Le parcours de Gomes a commencé dans les zones rurales du Brésil, où l’accès à la technologie était limité. Il est devenu le premier membre de sa famille à fréquenter l’université, motivé par le défi d’un professeur de « résoudre » la chimie par le calcul. Son expertise l’a finalement amené à conseiller la Maison Blanche sur le potentiel des systèmes intelligents. Son travail répond désormais à un défi fondamental de la science moderne : rendre accessibles de nouveaux outils puissants aux chercheurs qui manquent de compétences approfondies en codage.

Le problème avec les laboratoires actuels

De nombreux laboratoires modernes sont construits avec des systèmes automatisés, mais ceux-ci reposent sur des connaissances en programmation que de nombreux chimistes et biologistes ne possèdent pas. Cela crée une barrière à l’entrée : les scientifiques ne peuvent pas utiliser des installations de pointe s’ils ne peuvent pas facilement interagir avec l’équipement. Gomes a reconnu ce problème et a cherché à créer une solution permettant aux chercheurs d’interagir avec des laboratoires automatisés en utilisant le langage naturel au lieu du code.

Comment fonctionne le coscientifique

Coscientist fonctionne comme un assistant intelligent pour les expériences en laboratoire. Les chercheurs peuvent donner des instructions à l’IA dans un langage simple, par exemple « Dessinez quelque chose de mignon sur la plaque cible », et le système traduira cela en actions robotiques. Lors d’un premier test, le système a réussi à dessiner un poisson sur une plaque chimique sans programmation explicite. Cela illustre le potentiel d’automatisation de tâches qui nécessitent généralement des instructions robotiques détaillées.

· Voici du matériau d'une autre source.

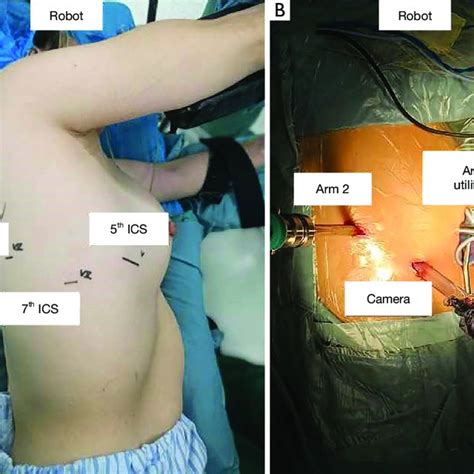 Position of the utility incision and ports for a right-sided lobectomy.... | Download Scientific ...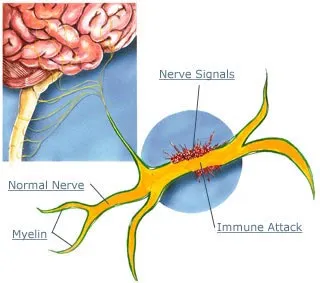 IFN-gamma (de asemenea, cunoscut sub numele de gamma-interferon), stres celular și a sclerozei multiple
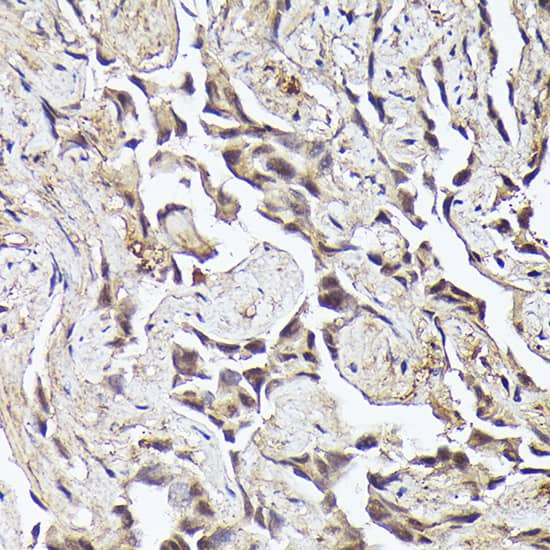 Immunohistochemistry: METTL4 Antibody - Azide and BSA Free [METTL4] - Immunohistochemistry analysis of paraffin-embedded Human lung cancer using METTL4 Rabbit pAb  at dilution of 1:50 (40x lens). Perform high pressure antigen retrieval with 10 mM citrate buffer pH 6.0 before commencing with IHC staining protocol.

L’IA permet également de collecter des données expérimentales à grande échelle. En automatisant des processus répétitifs tels que la mesure de la cinétique des réactions, Coscientist permet aux chercheurs de générer des ensembles de données qu’il serait autrement difficile d’acquérir manuellement. Cela ouvre de nouvelles voies pour la découverte basée sur les données dans des domaines auparavant limités par les contraintes humaines.

Impact sur la recherche

L’introduction de Coscientist a déjà transformé le flux de travail au sein du groupe de recherche de Gomes. Les nouveaux étudiants ayant une expérience limitée en programmation se sont rapidement adaptés à l’utilisation du système, accélérant ainsi leur contribution à des projets complexes. L’IA abaisse les barrières à l’entrée, permettant un apprentissage plus rapide et une expérimentation plus efficace.

Les implications à long terme sont importantes. En supprimant les préjugés humains et en réduisant les besoins en main-d’œuvre, Coscientist pourrait débloquer des domaines scientifiques auparavant considérés comme trop fastidieux ou peu pratiques à explorer. Cela inclut le criblage à haut débit des réactions chimiques et la création d’ensembles de données à grande échelle pour les applications d’apprentissage automatique.

Notes de mise en garde

Bien que l’IA offre un énorme potentiel, Gomes met en garde contre une dépendance aveugle à l’égard de grands modèles linguistiques. Les chercheurs doivent toujours valider les résultats et s’assurer que les instructions de l’IA sont conformes aux principes scientifiques. Malgré les progrès rapides, la surveillance humaine reste cruciale pour maintenir l’exactitude et prévenir les erreurs.

L’essor des laboratoires alimentés par l’IA est sur le point de remodeler la recherche scientifique. En automatisant les tâches fastidieuses et en démocratisant l’accès aux outils avancés, des systèmes comme Coscientist pourraient accélérer la découverte et ouvrir de nouvelles frontières en chimie et au-delà.